Holiday lights: more than just another decoration

Every year we (and when I say “we”, I mean my husband) get out our holiday lights to string around the house.  They’re always blue and white and generally vague enough to be Hanukkah or Christmas lights.  I recently saw another house with a blue and white theme and what looked like Jewish stars in their windows, but when I got closer, they were just snowflakes.  I always feel very proud of my Jewishness and even love that our festival of lights can (in all intended original purposes) rival that of Christmas traditions.  Even this Wikipedia passage notes the importance of displaying the holiday lights and unfortunately, when not to…

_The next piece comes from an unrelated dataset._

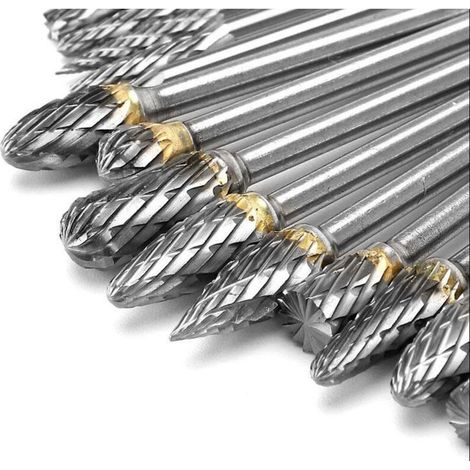 Lot de 20 fraises en carbure de tungstène super dures, outil rotatif, poignée de 1/8",compatible avec les accessoires de sculpture sur bois Dremel (1/4)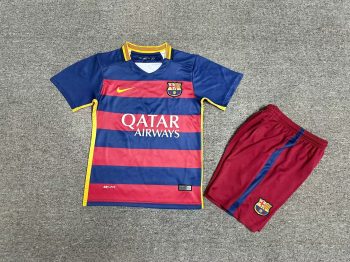 Retro kids wear Barcelona 15-16 home customize name and number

The reason for the Hanukkah lights is not for the “lighting of the house within”, but rather for the “illumination of the house without,” so that passersby should see it and be reminded of the holiday’s miracle (i.e. the triumph of the few over the many and of the pure over the impure). Accordingly, lamps are set up at a prominent window or near the door leading to the street. It is customary amongst some Ashkenazi Jews to have a separate menorah for each family member (customs vary), whereas most Sephardi Jews light one for the whole household. Only when there was danger of antisemitic persecution were lamps supposed to be hidden from public view, as was the case in Persia under the rule of the Zoroastrians, or in parts of Europe before and during World War II. However, most Hasidic groups light lamps near an inside doorway, not necessarily in public view. According to this tradition, the lamps are placed on the opposite side from the mezuzah, so that when one passes through the door s/he is surrounded by the holiness of mitzvot (the commandments).


This year, was a year like any other until my husband came home with a rotating dreidel projector.  Normally, I would be thrilled.  We’d been talking about another inflatable that is Hanukkah themed, to add to our blue and white polar bears.  Any other year, I’d be ecstatic.  This year is different.  This year, only a few weeks after Trump won the election, swastikas are popping up everywhere.  A teacher friend of mine showed me photos of swastikas all over a notebook belonging to one of her Hispanic students. Luckily, he didn’t know what they were.  I have a feeling in a years time, everyone will know what a swastika is.  It shakes me to my bones.

Of course, I am a proud Jew.  I am happy my husband found such a fun decoration and we display it proudly.  We are now officially saying, WE ARE JEWS to our neighbors and passers by.  In truth, it is a source of pride and fear.  I worry that next year for Hanukkah, we’ll be asking family for a video surveillance system.  I worry that others will pass and not see a festive house, but a target.  I worry for my sons who are about to start into the public school system where swastikas are more and more prevalent.  But for now, we celebrate.  We shop and prepare for the holidays and make plans and move on with our lives.

I am lucky to have many jobs and side jobs.  A colleague was over dropping off some paperwork and we started talking about the new dreidel decoration.  She loved it and I confessed to her my fears.  Til that point, I had not verbalized my feelings out loud to anyone and it was rough.  She turned to me and told me if anything ever happened to me or my house that she would “have a wall of people standing in my front lawn with crosses around their necks 24/7”. And I just fell apart.  I can’t even type the words without tears in my eyes.

I guess it’s good to know that I know warriors of peace, that Maccabees can come in all forms and be from all backgrounds.  It’s good to know that there are people in my community who will stand up, instead of stand by.  It brings me peace.  It makes me feel safe in a very unsafe world. I am blessed, I am protected and I am free to celebrate the holidays however we wish. I hope you find the same peace and joy this year and all the years to follow.